Le plus important, pour le marché, c’est qu’il a ENFIN obtenu la confirmation que son plan prévisionnel qui a été mis en place le 1er novembre, fonctionne comme prévu. Alors oui, la FED ne va pas baisser les taux en mars, mais comme elle va les baisser en juin – (juin qui semble la date la plus probable dorénavant), ça devrait bien se passer. On a eu raison sur toute la ligne ! Les 25% de hausse du récent rallye sont donc parfaitement justifié et plus rien ne peut arrêter la hausse, ni les taux, ni les valorisations, ni l’attraction terrestre.
Toujours plus haut
On ne va donc pas perdre de temps, c’est vendredi et tout le monde a envie de partir en week-end. Surtout moi. Il faudra donc retenir que la plus grosse info de la nuit c’est Powell qui a murmuré à l’oreille des marchés pour le rassurer et lui dire ce qu’il voulait entendre. Dans la foulée, on a repris les même et on a recommencé. Nvidia aura récupéré tous les lauriers de la séance – un peu comme si à chaque fois que les taux baisseront plus tard dans l’année, le roi des semiconducteurs va voir ses revenus multipliés par 10. Et d’ailleurs, il va falloir que ces multiplications se produisent rapidement, parce qu’à voir à la vitesse à laquelle ce truc monte, les valorisations sont en train de devenir complètement débiles – même si, oui, je sais, il ne faut pas dire du mal de Nvidia parce qu’en 2024, c’est péché.

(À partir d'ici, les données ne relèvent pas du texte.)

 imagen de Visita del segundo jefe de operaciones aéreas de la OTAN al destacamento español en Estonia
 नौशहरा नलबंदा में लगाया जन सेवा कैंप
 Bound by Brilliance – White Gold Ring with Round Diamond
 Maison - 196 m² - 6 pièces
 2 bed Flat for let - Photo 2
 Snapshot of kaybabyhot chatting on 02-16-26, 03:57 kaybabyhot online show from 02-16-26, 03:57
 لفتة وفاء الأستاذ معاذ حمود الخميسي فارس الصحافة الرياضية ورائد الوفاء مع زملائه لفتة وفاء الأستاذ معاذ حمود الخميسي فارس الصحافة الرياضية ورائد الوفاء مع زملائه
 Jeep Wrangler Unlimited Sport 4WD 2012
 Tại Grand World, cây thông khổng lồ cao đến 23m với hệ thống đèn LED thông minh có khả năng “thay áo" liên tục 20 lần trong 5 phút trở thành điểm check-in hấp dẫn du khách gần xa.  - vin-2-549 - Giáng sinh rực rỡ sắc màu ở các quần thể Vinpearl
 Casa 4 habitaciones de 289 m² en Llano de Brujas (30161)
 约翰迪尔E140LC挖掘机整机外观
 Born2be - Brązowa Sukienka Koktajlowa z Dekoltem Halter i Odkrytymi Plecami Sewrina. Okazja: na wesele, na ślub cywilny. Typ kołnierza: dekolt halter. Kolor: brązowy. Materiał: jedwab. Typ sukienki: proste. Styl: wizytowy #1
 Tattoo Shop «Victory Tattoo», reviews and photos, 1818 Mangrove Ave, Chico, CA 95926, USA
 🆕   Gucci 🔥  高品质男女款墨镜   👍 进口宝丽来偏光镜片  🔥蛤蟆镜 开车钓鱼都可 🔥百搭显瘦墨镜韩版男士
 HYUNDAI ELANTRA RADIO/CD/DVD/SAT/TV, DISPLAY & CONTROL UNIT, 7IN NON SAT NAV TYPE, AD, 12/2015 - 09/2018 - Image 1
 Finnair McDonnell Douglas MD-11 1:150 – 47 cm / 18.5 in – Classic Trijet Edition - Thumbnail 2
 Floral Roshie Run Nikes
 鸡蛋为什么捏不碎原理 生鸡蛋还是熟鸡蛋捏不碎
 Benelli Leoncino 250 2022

Enfin, toujours est-il que le titre a clôturé à 926$ et qu’il prenait encore 2% de plus after close. À l’heure actuelle, Nvidia s’échange à 946$, est en hausse de 91% depuis le début de l’année et devrait doubler Apple – en termes de capitalisation boursière – dès que le titre franchira les 1’040$ (en partant du principe qu’Apple ne montera plus jamais et ne baissera plus non plus). Et pendant que Nvidia pulvérise les records de vitesse et d’altitude, le SOX est en montée verticale et le volume sur les options du le secteur des semiconducteurs sont en train d’exploser dans tous les sens. Même si Broadcom et Marvell ont publié des chiffres qui étaient en demi-teinte hier soir after close – les quelques pourcent de baisse ne vont pas suffire à effacer la performance stellaire accumulée par le secteur. Broadcom est en hausse de 71% depuis le 1er novembre et Marvell, de 85%.
Ailleurs aussi
Du côté de la BCE qui se réunissait hier, c’est également la fête au village. La cheffe du village – Christine Lagarde a réaffirmé son intention de maintenir les taux là où ils sont et indiqué qu’elle aimerait voir l’inflation baisser un peu avant d’aller plus loin. Un peu le même type de discours que celui de Powell. Sans surprise. Ce que le marché a aimé, c’est surtout qu’elle a laissé entendre que l’inflation était un peu moins agressive, tout en baissant ses prévisions d’inflation pour 2025. L’évolution des prix est ramenée de 2,7% à 2,3% sur un an pour 2024 et de 2,7% à 2,6% hors alimentation et énergie. Et selon ce qu’ils ont pu lire dans la panse de brebis farcie, l’inflation reviendrait à 2% en 2025 et à 1,9% un an plus tard (2,1% et 2% hors éléments volatils).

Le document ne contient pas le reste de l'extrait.